Weaver supports multiple type of processes, as listed below. Each one of them are accessible through the same API interface, but they have different implications.

Builtin
WPS-1/2
WPS-REST (a.k.a.: WPS-3, OGC API - Processes)
ESGF-CWT
Workflow
Remote Provider

Builtin¶

These processes come pre-packaged with Weaver. They will be available directly on startup of the application and re-updated on each boot to make sure internal database references are updated with any source code changes.

Theses processes typically correspond to utility operations. They are specifically useful when employed as step within a Workflow process that requires data-type conversion between input/output of similar, but not perfectly, compatible definitions.

For example, process weaver.processes.builtin.jsonarray2netcdf takes a single input JSON file which its content contains an array-list of NetCDF file references, and returns them directly as the corresponding list of output files. These two different file formats (single JSON to multiple NetCDF) can then be used to map two processes with these respective output and inputs.

As of the latest release, following builtin processes are available:

weaver.processes.builtin.jsonarray2netcdf

All builtin processes are marked with weaver.processes.constants.CWL_REQUIREMENT_APP_BUILTIN in the CWL hints* section.

WPS-1/2¶

This kind of process corresponds to a traditional WPS XML or JSON endpoint (depending of supported version) prior to WPS-REST specification.
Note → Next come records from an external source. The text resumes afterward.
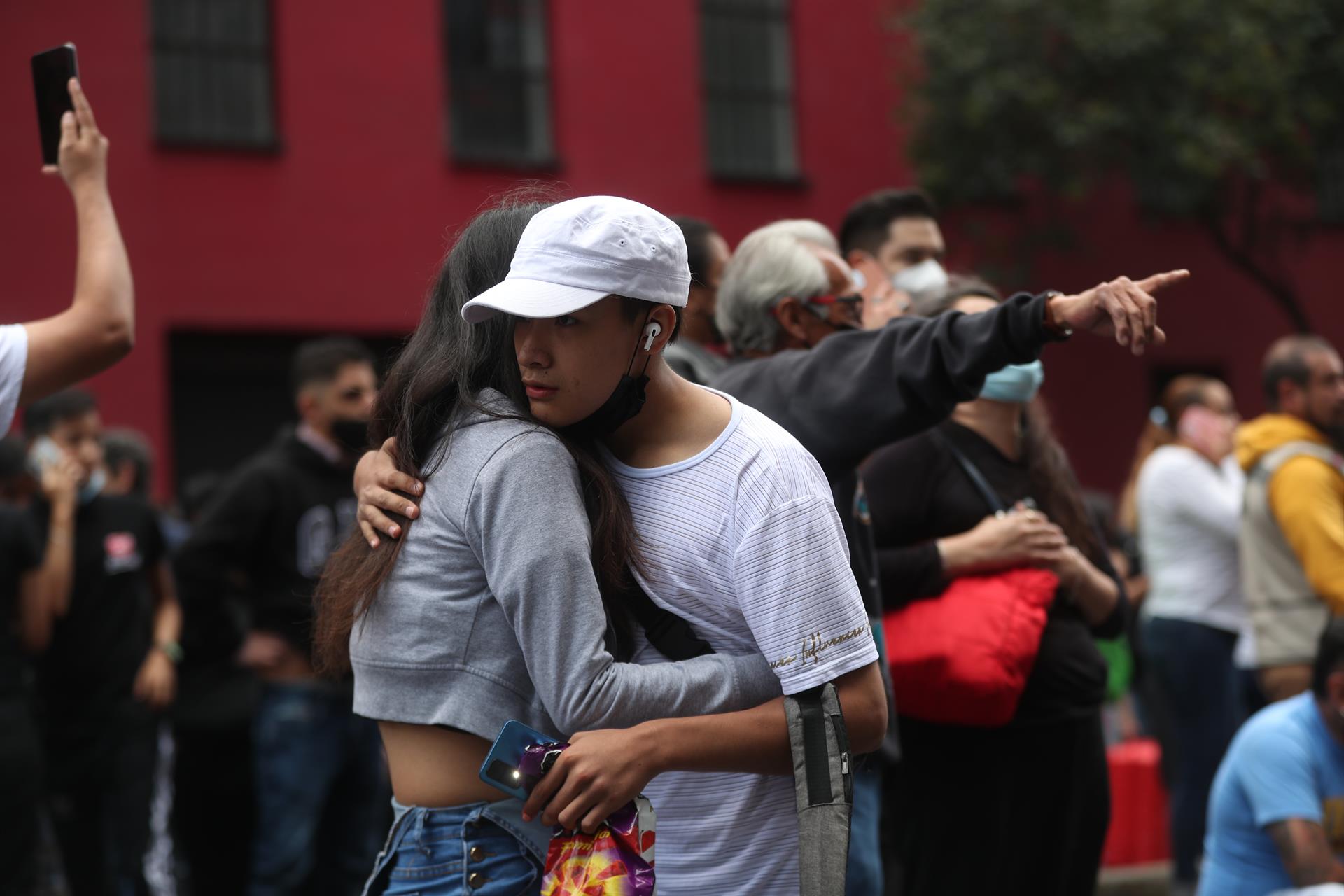 Personas permanecen en las calles después de activarse la alerta sísmica en la Ciudad de México (México). EFE/Sáshenka Gutiérrez
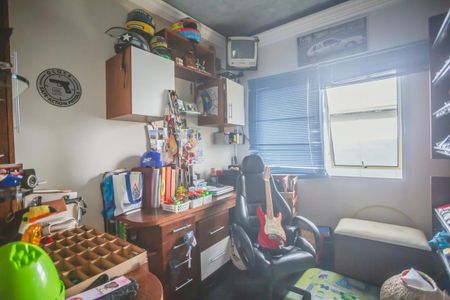 Casa à venda com 250m², 3 quartos e 4 vagas Casa à venda com 250m², 3 quartos e 4 vagasEscritório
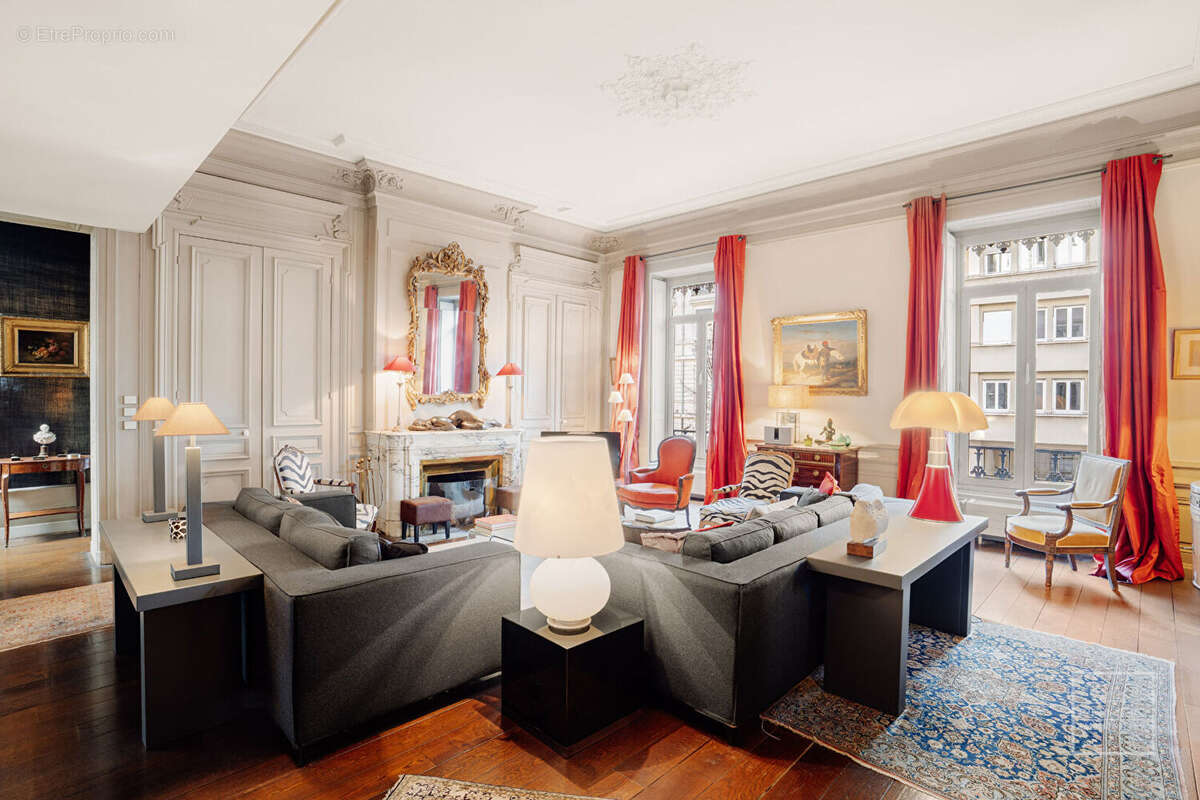 Appartement à LYON-6E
When the WPS-REST process is deployed in Weaver using an URL reference to an WPS-1/2 process, Weaver parses and converts the XML or JSON body of the response and registers the process locally using this definition. This allows a remote server offering limited functionalities (e.g.: no REST bindings supported) to provide them through Weaver.
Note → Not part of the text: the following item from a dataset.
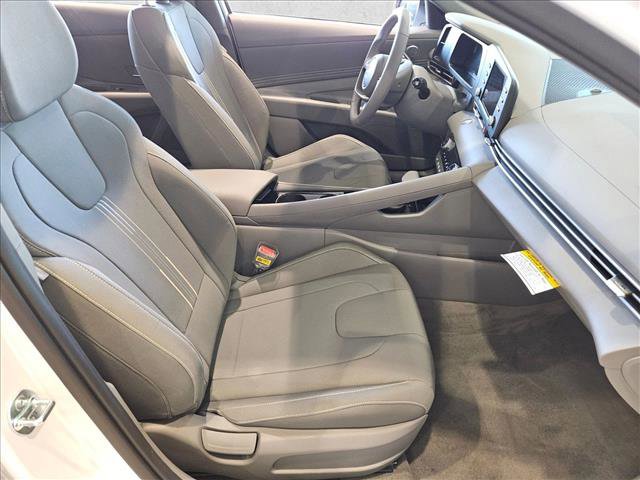 New 2026 Hyundai Elantra SEL Sport Premium image 14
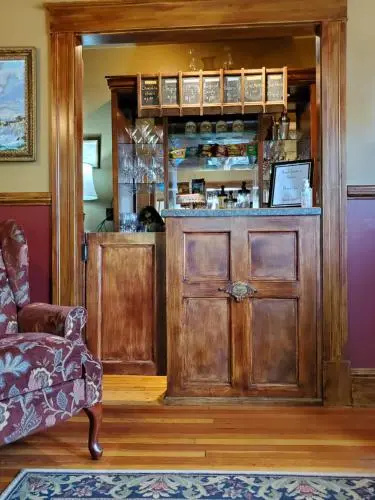 The Home Place Inn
A minimal Deploy request body for this kind of process could be as follows:

{
  "processDescription": {
    "process": {
      "id": "my-process-reference"
    }
  },
  "executionUnit": [
    {
      "href": "https://example.com/wps?service=WPS&request=DescribeProcess&identifier=my-process&version=1.0.0"
    }
  ]
}

This would tell Weaver to locally deploy the my-process-reference process using the WPS-1 URL reference that is expected to return a DescribeProcess XML schema. Provided that this endpoint can be resolved and parsed according to typical WPS specification, this should result into a successful process registration. The deployed process would then be accessible with DescribeProcess requests.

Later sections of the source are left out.